We did get to experience 2 other very hard climbs including one billed as 30% (but we think it was more like 18% and short).
 

The ship left Huhaine at 2 for the long fetch back to Tahiti.  It was very pleasant relaxing for the afternoon with nothing to do.

Tomorrow is the bike race in Papeete that we will not be participating in.  Our trip cancellation insurance for upcoming trips excludes bike racing, so on the off chance we did get hurt, we’d be screwed.  I’m not very haoppy about this, and tomorrow I will be even grumpier, but for now I guess I’ll just enjoy the warmth and the sun.












French Polynesia Day 6

Day 6: Bora Bora


Big day today.  Shortish ride, but lots of stops to see things. Bora Bora is situated 142 nautical miles fnorthwest of Tahitiin the Leeward Islands (also included are Raitea and Taha’a).  It’s actually a mispronounciation by Capt. James Cook of the Polynesian words Pora Pora which means “first born”.  Cook came here in 1770 and missionaries arrive 50 years later.  After fierce resistance, it was annexed by France in 1888. 
During WWII, Bora Bora was thought to be of strategic importance by the Allies to block the Japanese, and during the war, the U.S. had 6,000 troops stationed on this tiny island. Though the Japanese never attempted to gain control here, the war was a boon for the island thanks to many infrastructure projects of the Army Corps of Engineers including an airfield and a beautiful (for cycling) ring road.
 







Along the road we stopped to visit a “pareo factory”.  These are the shmatas (“rags” for you non-Jews) that the Polynesians  (men and women) wearlike a skirt.


We also got to see a demonstration of thatch fabrication at a thatch factory.  The ubiquitous fruit and coconut juice was available here as well.

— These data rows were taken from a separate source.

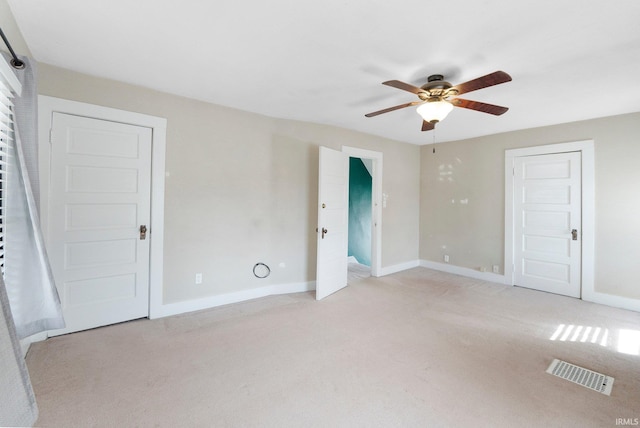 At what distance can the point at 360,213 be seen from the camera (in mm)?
6234

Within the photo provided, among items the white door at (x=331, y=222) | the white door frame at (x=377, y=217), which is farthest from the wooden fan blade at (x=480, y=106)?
the white door frame at (x=377, y=217)

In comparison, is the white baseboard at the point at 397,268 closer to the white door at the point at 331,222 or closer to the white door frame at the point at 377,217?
the white door frame at the point at 377,217

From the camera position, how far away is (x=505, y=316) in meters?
3.25

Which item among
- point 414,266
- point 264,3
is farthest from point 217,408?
point 414,266

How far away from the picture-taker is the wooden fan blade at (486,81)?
1836mm

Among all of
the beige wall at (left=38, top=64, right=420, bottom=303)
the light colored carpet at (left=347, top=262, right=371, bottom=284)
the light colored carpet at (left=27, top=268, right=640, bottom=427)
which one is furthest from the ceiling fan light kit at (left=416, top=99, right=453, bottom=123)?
the light colored carpet at (left=347, top=262, right=371, bottom=284)

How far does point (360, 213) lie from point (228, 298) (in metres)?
3.58

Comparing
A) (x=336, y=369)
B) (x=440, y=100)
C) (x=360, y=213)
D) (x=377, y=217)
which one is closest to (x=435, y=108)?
(x=440, y=100)

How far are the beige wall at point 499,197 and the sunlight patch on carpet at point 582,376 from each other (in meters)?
2.19

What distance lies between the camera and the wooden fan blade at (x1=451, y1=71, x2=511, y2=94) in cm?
184

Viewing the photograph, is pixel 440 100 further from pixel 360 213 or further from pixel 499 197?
pixel 360 213

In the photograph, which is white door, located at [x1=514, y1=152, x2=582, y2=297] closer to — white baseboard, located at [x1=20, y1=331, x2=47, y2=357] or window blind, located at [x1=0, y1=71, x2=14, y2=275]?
window blind, located at [x1=0, y1=71, x2=14, y2=275]

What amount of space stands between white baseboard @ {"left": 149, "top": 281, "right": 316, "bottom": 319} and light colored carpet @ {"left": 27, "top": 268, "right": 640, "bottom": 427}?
0.13 m

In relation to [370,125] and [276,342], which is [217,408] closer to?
[276,342] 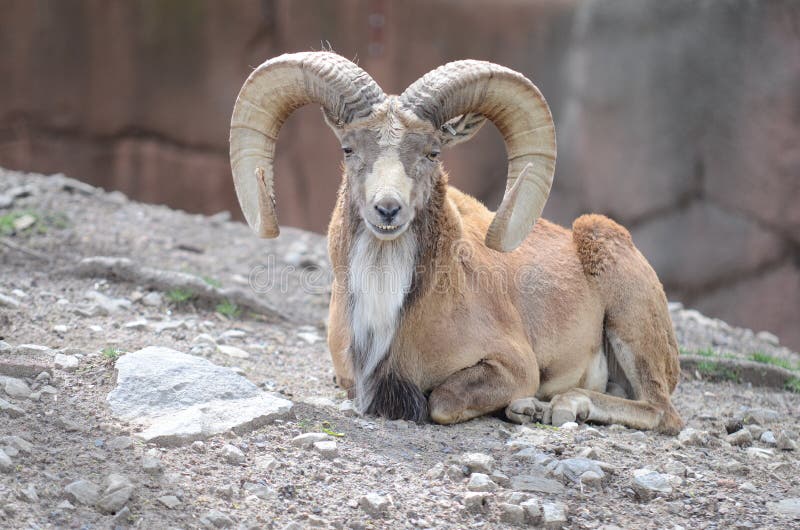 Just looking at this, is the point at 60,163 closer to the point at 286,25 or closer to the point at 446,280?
the point at 286,25

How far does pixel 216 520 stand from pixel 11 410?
5.23 ft

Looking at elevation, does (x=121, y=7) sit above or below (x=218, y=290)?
above

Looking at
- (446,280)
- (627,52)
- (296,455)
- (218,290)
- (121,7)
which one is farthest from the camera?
(121,7)

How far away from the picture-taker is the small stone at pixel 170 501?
5.22 metres

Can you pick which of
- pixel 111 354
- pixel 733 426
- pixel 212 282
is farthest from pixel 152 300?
pixel 733 426

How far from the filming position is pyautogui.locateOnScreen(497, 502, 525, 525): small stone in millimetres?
5656

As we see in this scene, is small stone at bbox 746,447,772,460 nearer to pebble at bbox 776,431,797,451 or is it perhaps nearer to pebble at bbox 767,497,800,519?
pebble at bbox 776,431,797,451

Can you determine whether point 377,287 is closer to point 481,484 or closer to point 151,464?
point 481,484

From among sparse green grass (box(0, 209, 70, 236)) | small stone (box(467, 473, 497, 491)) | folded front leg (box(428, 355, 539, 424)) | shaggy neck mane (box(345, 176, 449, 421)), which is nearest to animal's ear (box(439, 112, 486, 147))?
shaggy neck mane (box(345, 176, 449, 421))

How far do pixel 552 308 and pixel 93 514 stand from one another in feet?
15.6

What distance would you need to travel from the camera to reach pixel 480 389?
25.0 ft

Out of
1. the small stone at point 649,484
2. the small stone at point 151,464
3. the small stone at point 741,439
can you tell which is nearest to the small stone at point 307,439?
the small stone at point 151,464

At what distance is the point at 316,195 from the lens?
53.9 feet

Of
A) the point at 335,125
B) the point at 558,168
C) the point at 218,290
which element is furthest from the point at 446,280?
the point at 558,168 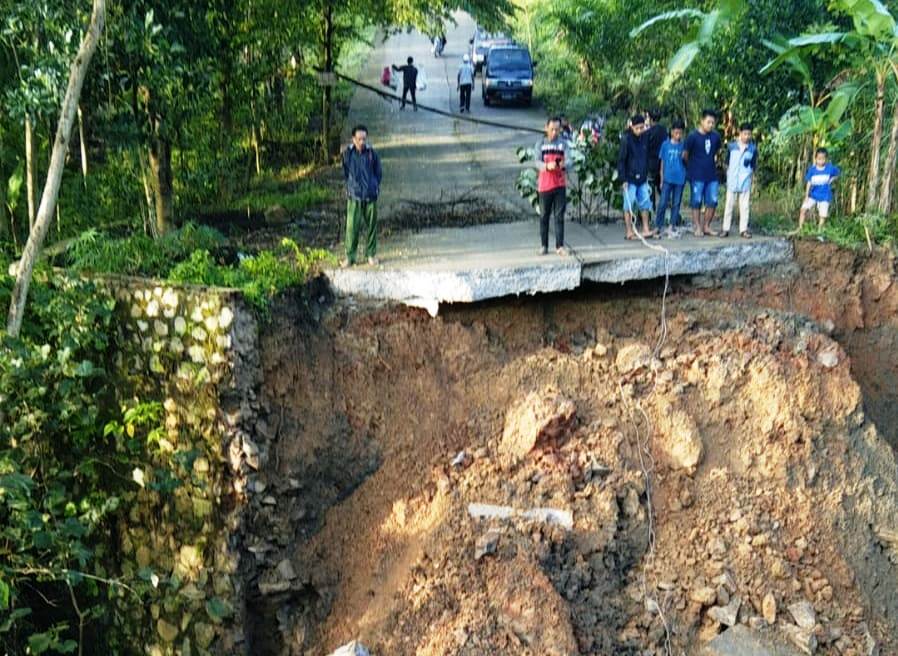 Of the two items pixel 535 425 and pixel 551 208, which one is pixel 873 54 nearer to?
pixel 551 208

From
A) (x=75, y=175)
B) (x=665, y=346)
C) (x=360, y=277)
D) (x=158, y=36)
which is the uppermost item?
(x=158, y=36)

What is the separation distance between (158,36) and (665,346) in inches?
238

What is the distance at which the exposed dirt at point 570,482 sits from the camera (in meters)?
7.41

There was also a hike to a WWII gun emplacement that we started out on, but realized that our bike cleats were not the safest footwear for the path.  Jeri kept thinking of her Hawaian fall on lava, and I kept thinking of the goat path in Corsica, so we finally decided to turn around and let Erik and Beth check out the guns.
 





On the west side of the island we stopped at Bloody Mary’s where we had moored overnight and had dinner a mere 15 years ago.  It appeared to have not a changed a bit, with the sand floor and tree stumps for seats.





 
We spent the afternoon snorkeling with sharks and rays.  The rays are really used to humans and sidle right up to you for petting.  It was a bit hokey, but fun just the same.
 















Dinner tonight was on Windstar’s private motu.  We were all ferried over at sunset for a great bbq and Polynesian entertainment. 
 





The entertainment consisted of Polynesian dancing, singing, and fire twirling.  The fire dancers included an amazing 6 yo, though most of our group felt that protective services should have been called.  The kid was good, but did manage to get burned (slightly) at one point in the show.






But the best entertainment was the sunset and the full moon over Bora Bora.  Moth very romantic!